* **Action item**
Go to the line below that contains "design concept Young". From there to the end of the records, reproduce each line exactly, except the pictures.

[Dataset entries]
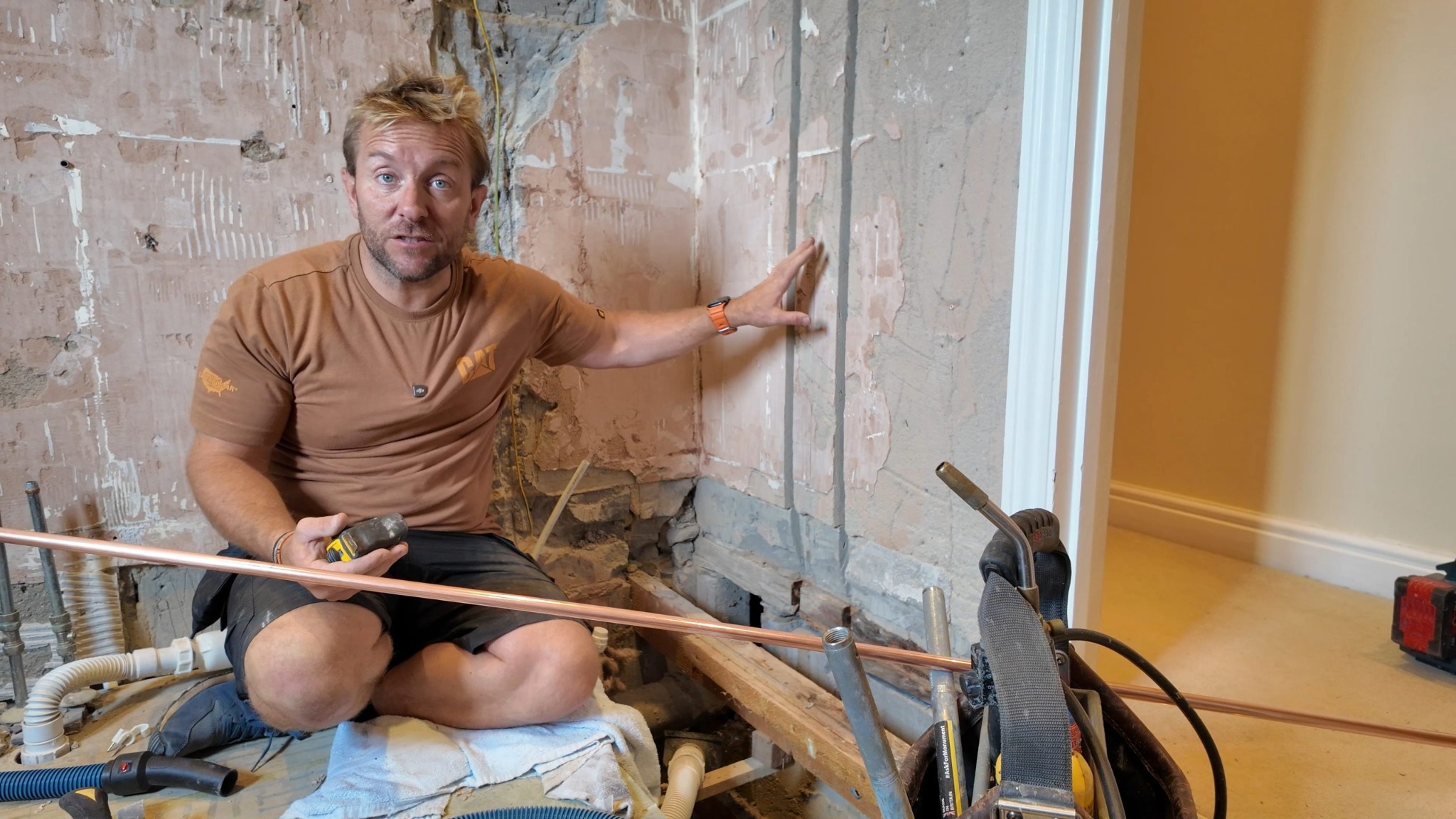James demonstrating plumbing work during a bathroom installation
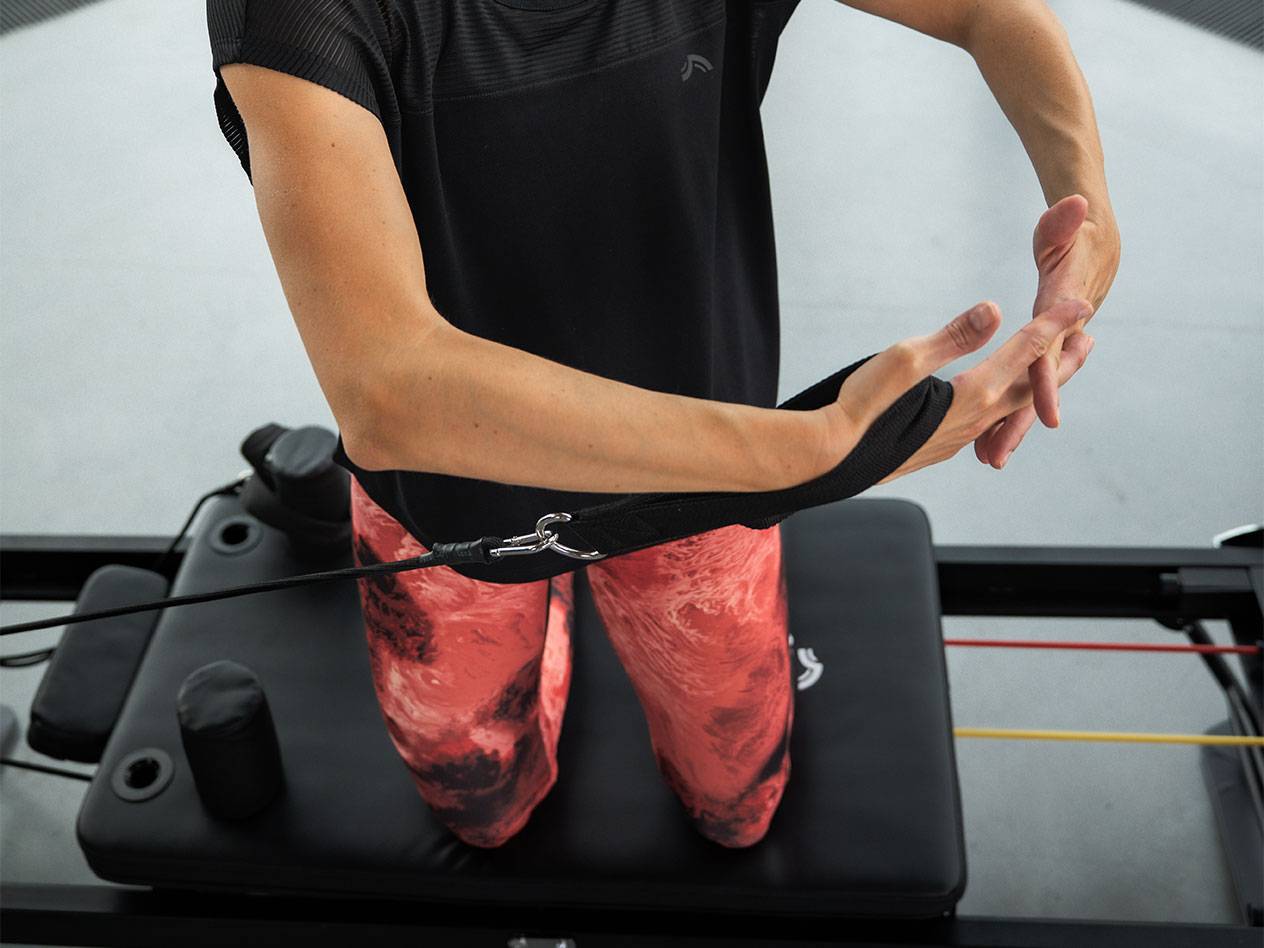 Mulher a exercitar-se com bandas de resistência numa máquina de Pilates.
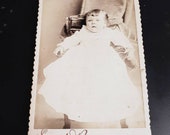 Vintage Victorian photograph of a little baby girl in a long white dress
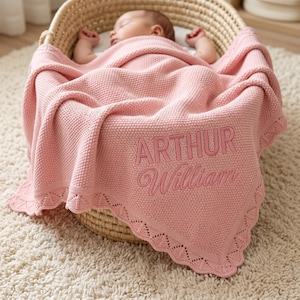 Pode incluir: Um bebê dormindo está aninhado em uma cesta de vime, coberto por um cobertor rosa de malha. O cobertor apresenta os nomes bordados "ARTHUR William" em fio rosa combinando. O cobertor tem uma borda decorativa com vieiras.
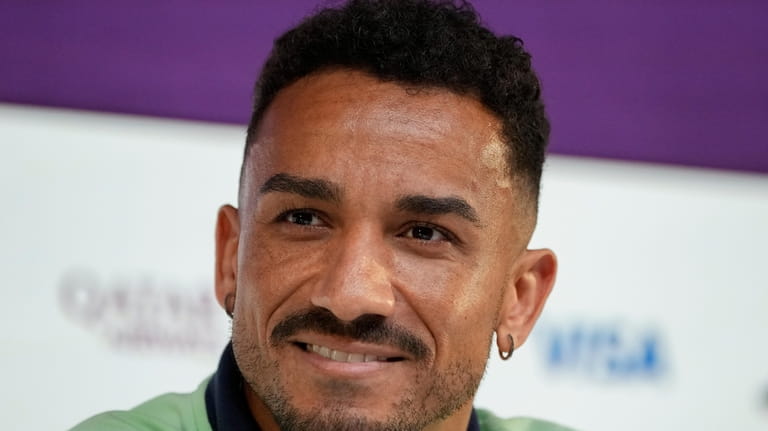 Brazil's Danilo listens to a question during a press conference...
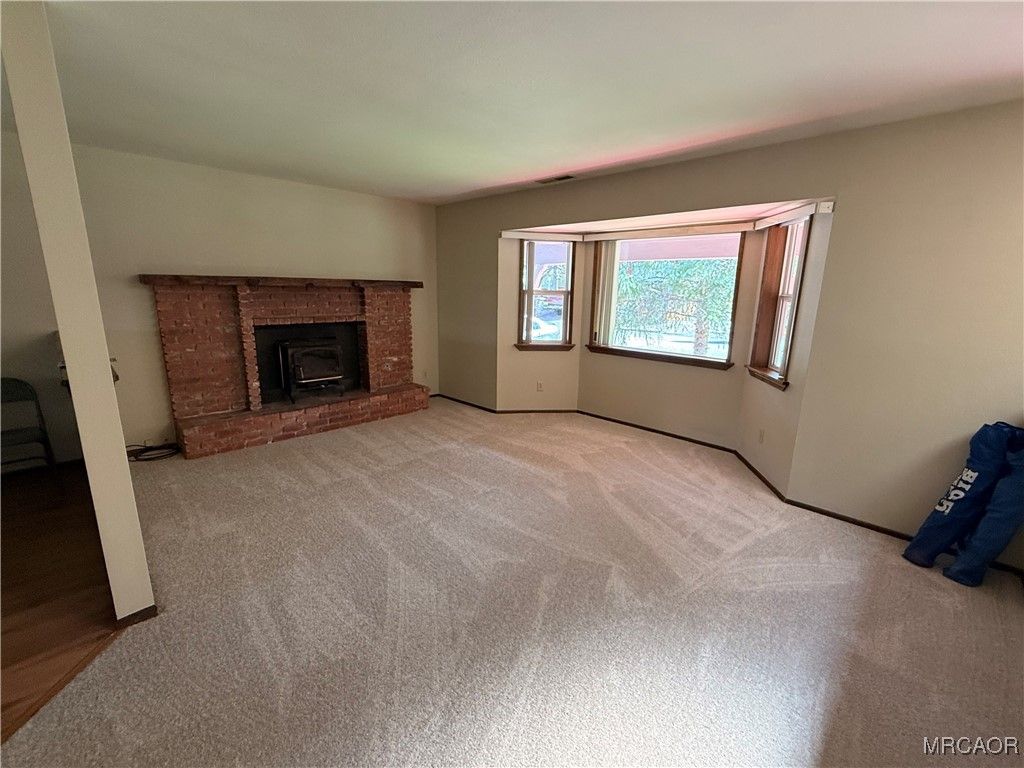 Photo of 411 E Fairway Boulevard, Big Bear City, CA 92314 (MLS # 32502391)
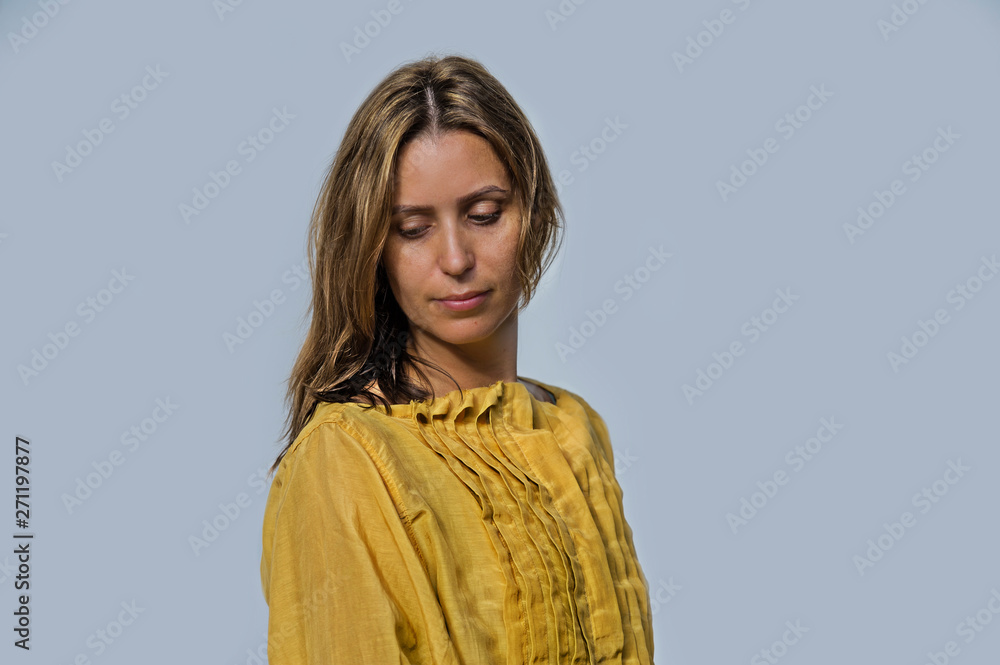 Young attractive and beautiful professional model woman posing wearing sweet yellow dress in beauty and fashion design concept Young attractive and beautiful professional model woman posing wearing sweet yellow dress in beauty and fashion design concept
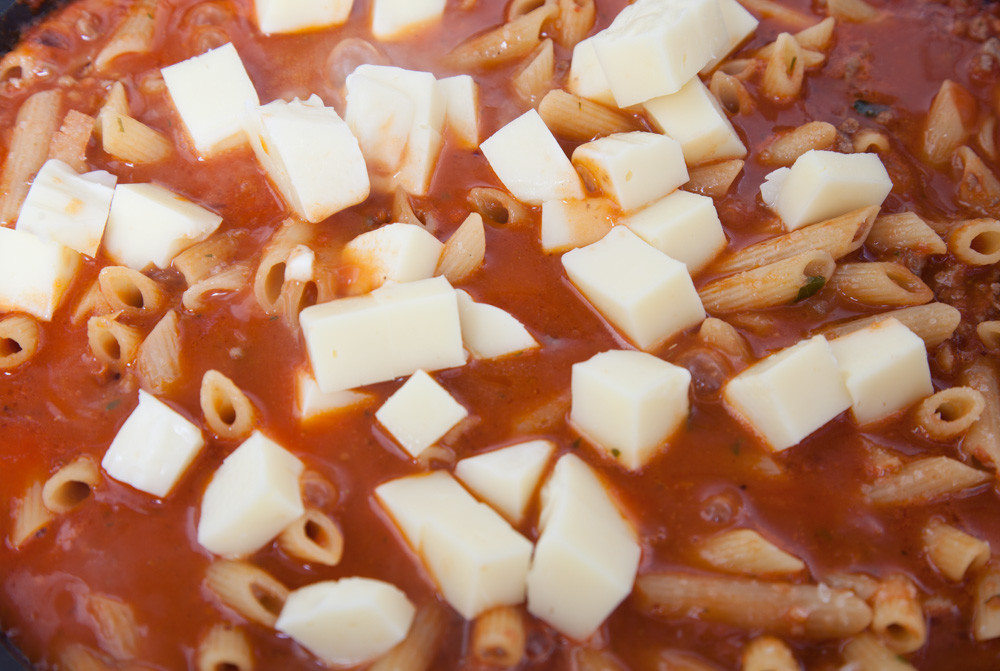 Знімаємо кришку, добре перемішуємо і додаємо половину нарізаної моцарели для американського чоп-суей: макарони в томатному соусі з фаршем і сиром.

* **Exercise solution**
 Young attractive and beautiful professional model woman posing wearing sweet yellow dress in beauty and fashion design concept Young attractive and beautiful professional model woman posing wearing sweet yellow dress in beauty and fashion design concept
 Знімаємо кришку, добре перемішуємо і додаємо половину нарізаної моцарели для американського чоп-суей: макарони в томатному соусі з фаршем і сиром.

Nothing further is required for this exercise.